À Echirolles, le désarroi des habitants évacués d’un immeuble utilisé comme lieu de trafic de drogue

Dans l’immeuble dégradé qui sert de lieu de trafic de drogue, à Echirolles, la police municipale frappe aux portes des appartements. Les habitants doivent être recensés, sommés de quitter les lieux d’ici vendredi, pour un immeuble “resécurisé”.

Les feuilles A4 sur lesquelles est imprimé l’arrêté municipal s’affichent impeccablement sur les murs décolorés de l’immeuble “Le Carrare”. L’évacuation de cette ancienne résidence étudiante transformée en logements a commencé mardi.

La mairie de cette commune limitrophe de Grenoble a déclaré les lieux “temporairement inhabitables” : des rapports d’expertise font état d’un “risque incendie et électrique” qui ne garantit plus la sécurité des riverains.

Aux différents étages, plus aucune armoire électrique n’a ses portes en bois. Les trafiquants de drogue qui utilisent les lieux comme point de vente les brûlent dans des braseros pour se chauffer, a expliqué la police lors d’une visite jeudi avec des journalistes.

Les trafiquants se branchent directement sur le tableau électrique pour obtenir de l’électricité. Souvent, les fils sont laissés à découvert.

La cage d’escalier est couverte de graffitis. Par une porte ouverte, on aperçoit un amas d’affaires, matelas, linge, sacs de courses… La veille, la police y avait trouvé un “squatteur”, “peut-être un guetteur, hébergé gratuitement en échange”.

Certaines portes de logements vides ont été scellées par la copropriété. La mairie “a recensé une vingtaine d’appartements occupés”, sur 82 logements, et 12 à 15 personnes qui devront être relogées.

– “Confession d’échec” –

Depuis mardi, la police municipale vient « s’assurer que tout le monde a été informé de l’arrêté » qui leur donne 72 heures pour repartir.

“Je n’ai aucune idée de ce qui va se passer, de comment je vais m’en sortir”, s’inquiète Saïd, un ouvrier de 40 ans qui vit là depuis cinq ans. Il a emballé quelques cartons pendant la nuit, notamment ses livres.

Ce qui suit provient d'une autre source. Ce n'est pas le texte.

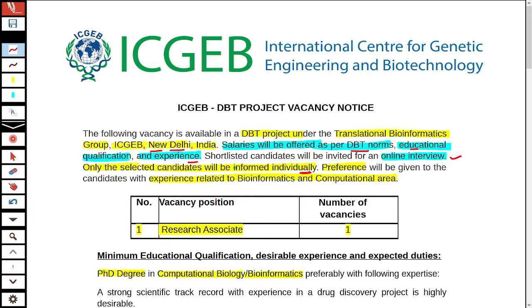This vacancy is for the post of Research Associate. The number of vacancies is only one. If you have the required qualification, you can apply to this Research Associate post.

Il se dit soulagé de partir : le loyer est bas, mais il préfère ne pas laisser la porte ouverte. Il est aussi très inquiet quant aux possibilités de relogement.

“J’en ai parlé à des voisins, je ne vois pas pourquoi c’est à nous de déménager”, confie-t-il. Pour lui, c’est “un aveu d’échec” face à des trafiquants “qui ont gagné depuis longtemps”.

La remise en sécurité devrait prendre trois semaines. Les locaux seront scellés et sécurisés pendant les travaux, qui seront à la charge de la copropriété, qui devra également aider les locataires à trouver un nouveau logement.

Rachid, 24 ans, tire une petite valise à roulettes. « Trois jours, ce n’est pas suffisant » pour se préparer, regrette-t-il. Un autre locataire du même âge, Abdel, se plaint également. « Avant de procéder à une évacuation, il faut une solution. » Il aimerait déménager.

« Nous ne sommes pas responsables de cela », souligne également Kadriye, 65 ans, locataire depuis 4 mois. Elle a rempli une demande à la mairie, elle devrait savoir vendredi où elle pourra déposer ses affaires.

“Personne ne sera laissé dehors à la fermeture de l’immeuble”, insiste la maire communiste Amandine Demore. La mairie reçoit les habitants et “les accompagnera vers leur logement d’urgence pour les prochains jours”, assure l’édile.

– “Harceler les dealers” –

Elle-même a constaté les dégâts sur le bâtiment qu’elle fréquente régulièrement. Et pour cause : il est situé de l’autre côté de la rue, quasiment en face de la mairie et d’un commissariat de police.

Mme Demore réclame « un commissariat de police à part entière » pour Echirolles, ainsi que la poursuite de la mise à disposition de moyens pour lutter contre le trafic de drogue.

Depuis le début de l’année, à Echirolles et dans l’agglomération grenobloise, une vingtaine d’épisodes de violences par armes à feu liées à des trafics ont été recensés.

Un copropriétaire, qui a requis l’anonymat, regrette l’intervention tardive des pouvoirs publics, alors que le point de deal existe “depuis 2020” selon lui.

“On va harceler les dealers, c’est le but. Ils restent là comme si de rien n’était”, explique Gilles Bonaventura, directeur de la police municipale.

La veille, quatre hommes âgés de 16 à 48 ans avaient été interpellés dans l’un des appartements pour “infraction à la législation sur les stupéfiants”, selon une source policière.

« Nous reviendrons pour faire pression sur les concessionnaires, pour leur faire comprendre qu’ils ne sont pas chez eux », assure M. Bonaventura.